WHAT IF AND STATING THE OBVIOUS ABOUT THE HOLY SACRIFICE OF THE MASS!

Ordinary Form and Extraordinary Form of the Mass, can you tell the difference or which one is which? Shouldn't it be this way everywhere?

 In heaven, if I get there by the grace of God, I will certainly glory in the presence of the Lord. We will need nothing else, but the Lord, thanks be to God,  will restore our human relationships in the communion of saints and we will hear and see the choirs of angels. What more could we want?

Let me see? Apart from discovering who actually assassinated President Kennedy, I would want to see how things would have worked out in parallel time.

What if Pope Benedict had been the pope rather than Blessed Pope Paul VI during the end of the Vatican II and in the period of the fabrication of the revised Order of Mass?
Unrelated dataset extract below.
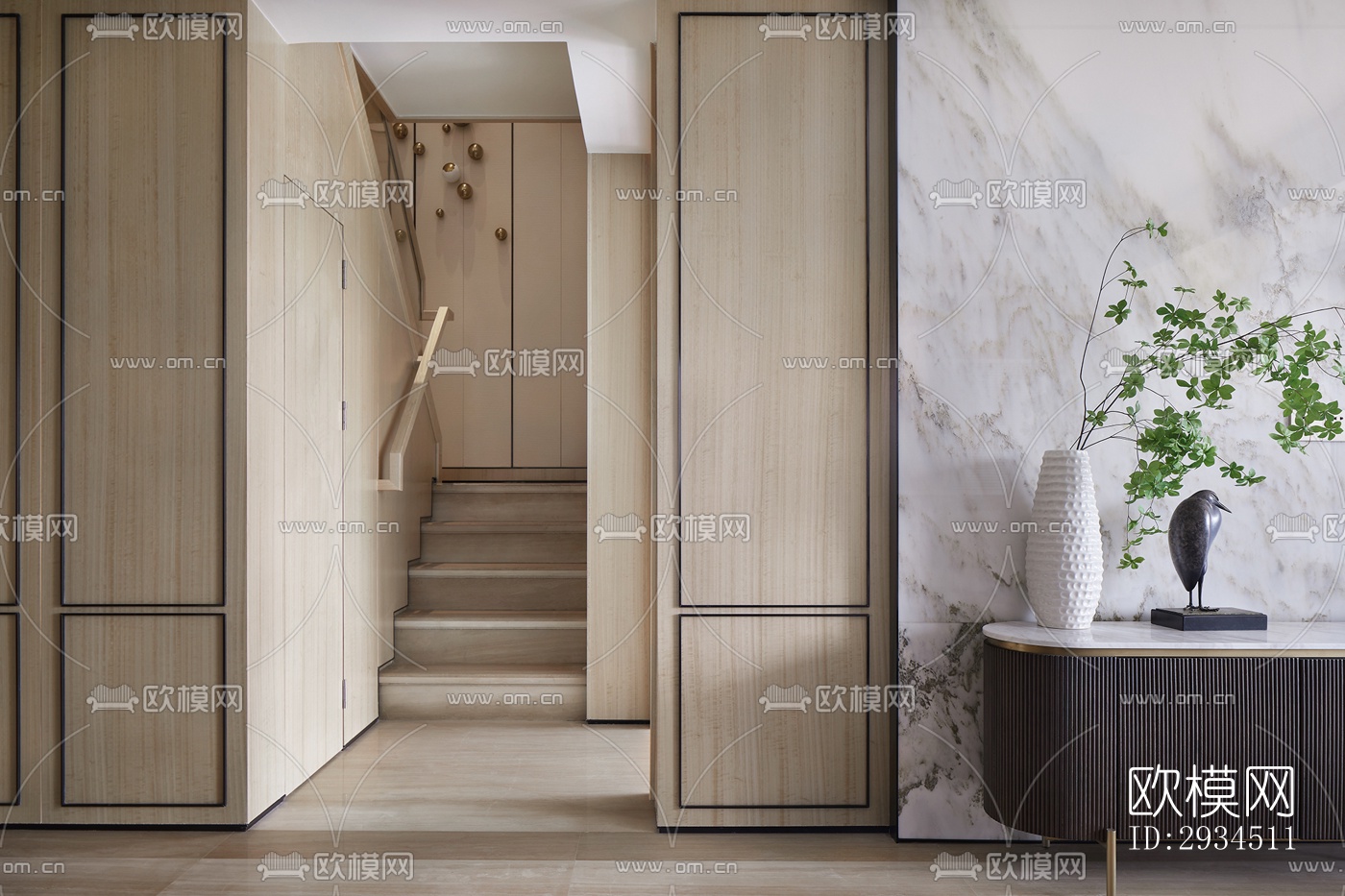 新中式平层效果图下载（渲染图14）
What would the Church be like in 2015?

Let's say Pope Benedict (who as Cardinal Ratzinger prior to the youth riots in Germany and Europe in 1968 was a flaming liberal or progressive) revised the Mass according to the manner in which it was fabricated by those Blessed Paul VI commissioned to do so and then His Holiness approved.  But rather than shoving this new Mass down the throats of the entire Latin Rite of the Catholic Church in the most clerical, triumphalist and pre-Vatican II way possible, Pope Benedict simply stated that now there are two forms of the one Latin Rite, the venerable Traditional Latin Mass (TLM) that will continue as the 1962 Roman Missal describes with the option of vernacular Scripture readings from the revised Roman Lectionary and from an ambo and with the same careful and rigid rubrics for the Low, High and Solemn High Masses.

However, the newly fabricated Mass is an option and it will henceforth be called the Extraordinary Form of the Mass. Pastors with multiple Masses on Sunday should allow for one of these new Masses on Sunday after polling parishioners if they so desire it.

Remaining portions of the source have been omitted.